[Task description]
Write each entry again exactly as shown, but without the images it holds.

Short text fragments from websites
+ + + + + + +
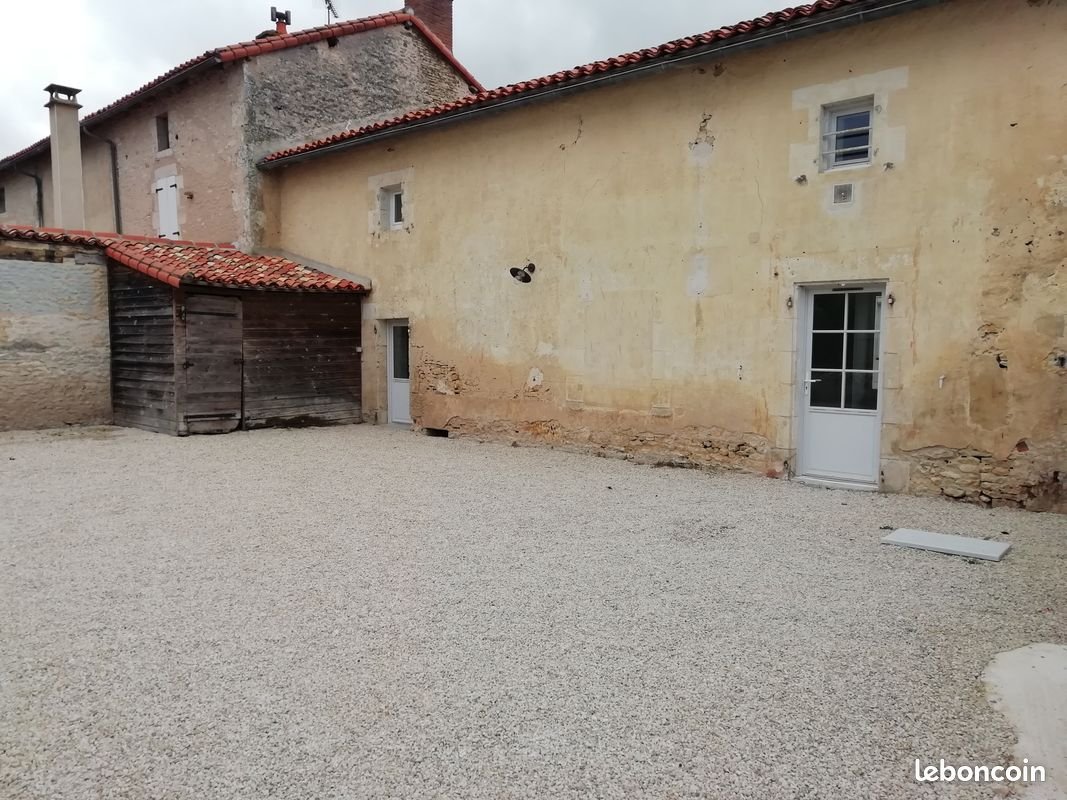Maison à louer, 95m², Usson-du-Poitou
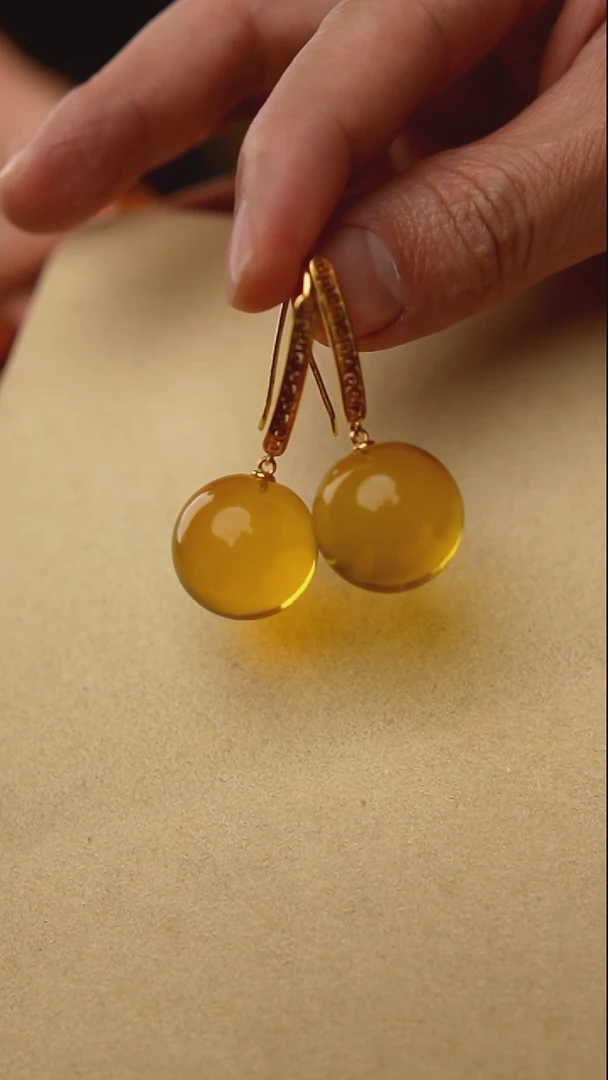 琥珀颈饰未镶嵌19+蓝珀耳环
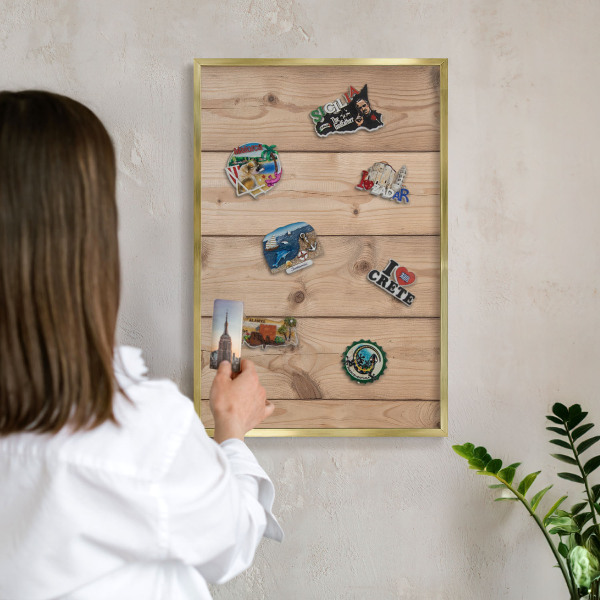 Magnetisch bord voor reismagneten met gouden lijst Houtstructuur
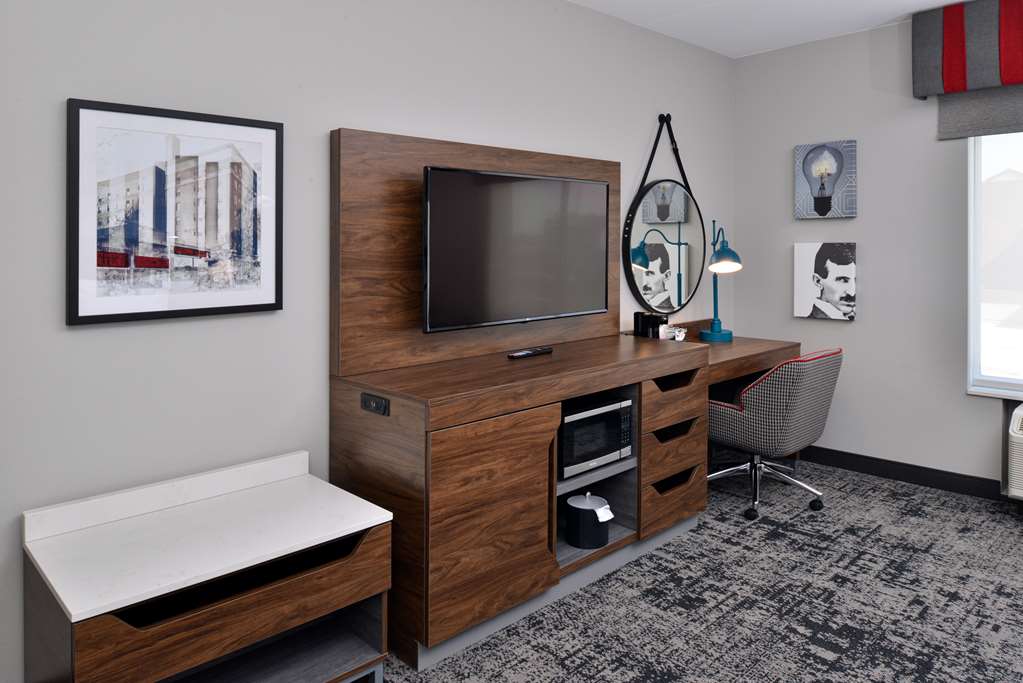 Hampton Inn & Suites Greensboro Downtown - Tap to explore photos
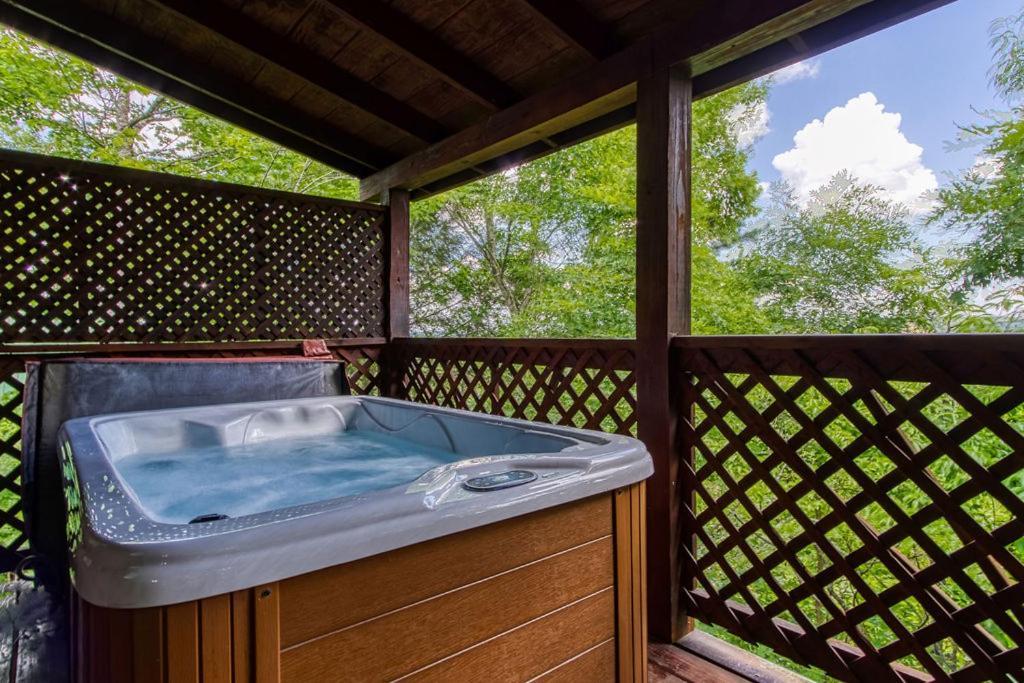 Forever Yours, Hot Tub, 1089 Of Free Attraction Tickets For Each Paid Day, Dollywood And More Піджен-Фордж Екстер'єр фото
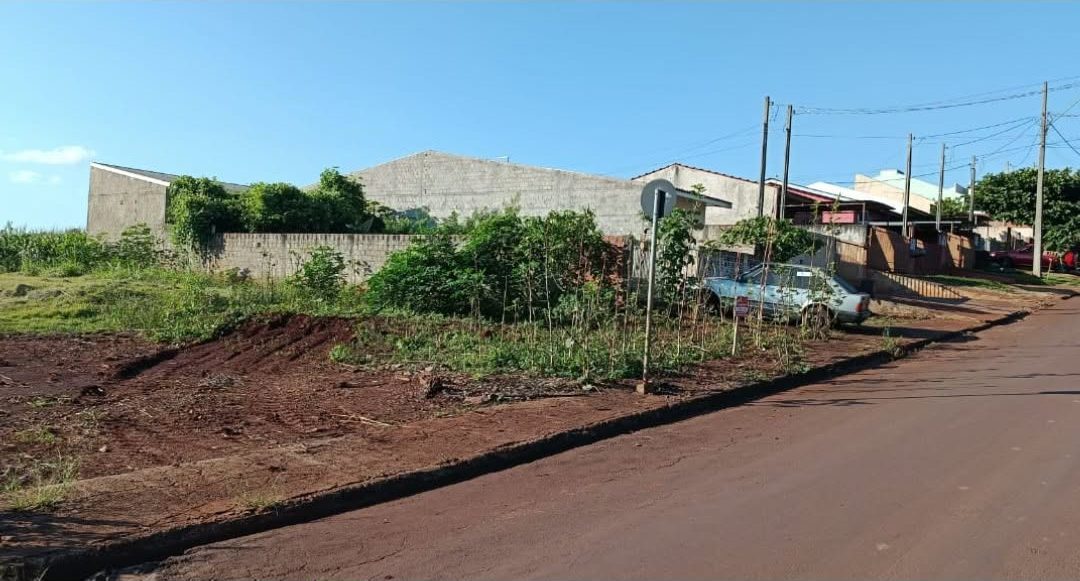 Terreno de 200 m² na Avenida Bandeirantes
+ + + + + + +
[Response]
Maison à louer, 95m², Usson-du-Poitou
 琥珀颈饰未镶嵌19+蓝珀耳环
 Magnetisch bord voor reismagneten met gouden lijst Houtstructuur
 Hampton Inn & Suites Greensboro Downtown - Tap to explore photos
 Forever Yours, Hot Tub, 1089 Of Free Attraction Tickets For Each Paid Day, Dollywood And More Піджен-Фордж Екстер'єр фото
 Terreno de 200 m² na Avenida Bandeirantes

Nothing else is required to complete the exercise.